# Work task
Dropping every picture, set down exactly the lines in the entries below, starting with the line with "-铭珠粥粉(雅居乐花园分店)" and going on through the line with "Image post by @disneyweddings on Instagram".

# Records to process

Start of Block

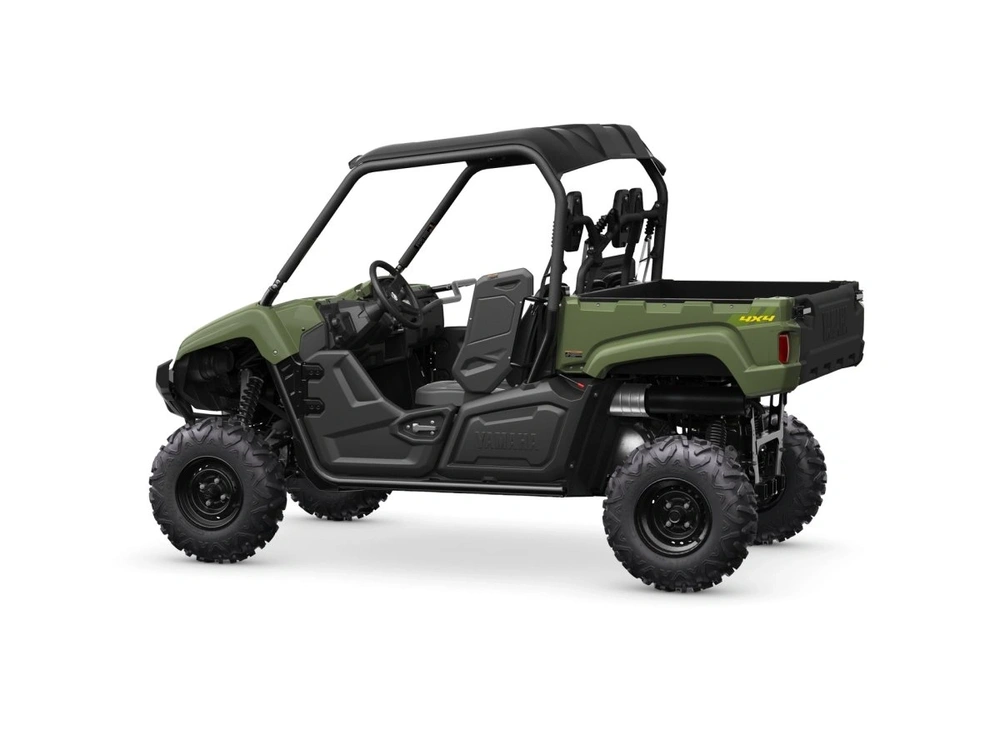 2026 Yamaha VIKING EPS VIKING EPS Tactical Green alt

End of Block
Start of Block

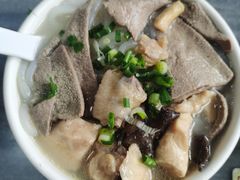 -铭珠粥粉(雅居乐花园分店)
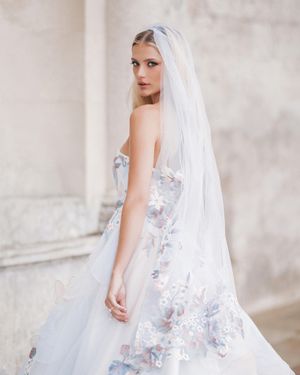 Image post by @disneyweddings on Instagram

End of Block

# Answer for this exercise
 -铭珠粥粉(雅居乐花园分店)
 Image post by @disneyweddings on Instagram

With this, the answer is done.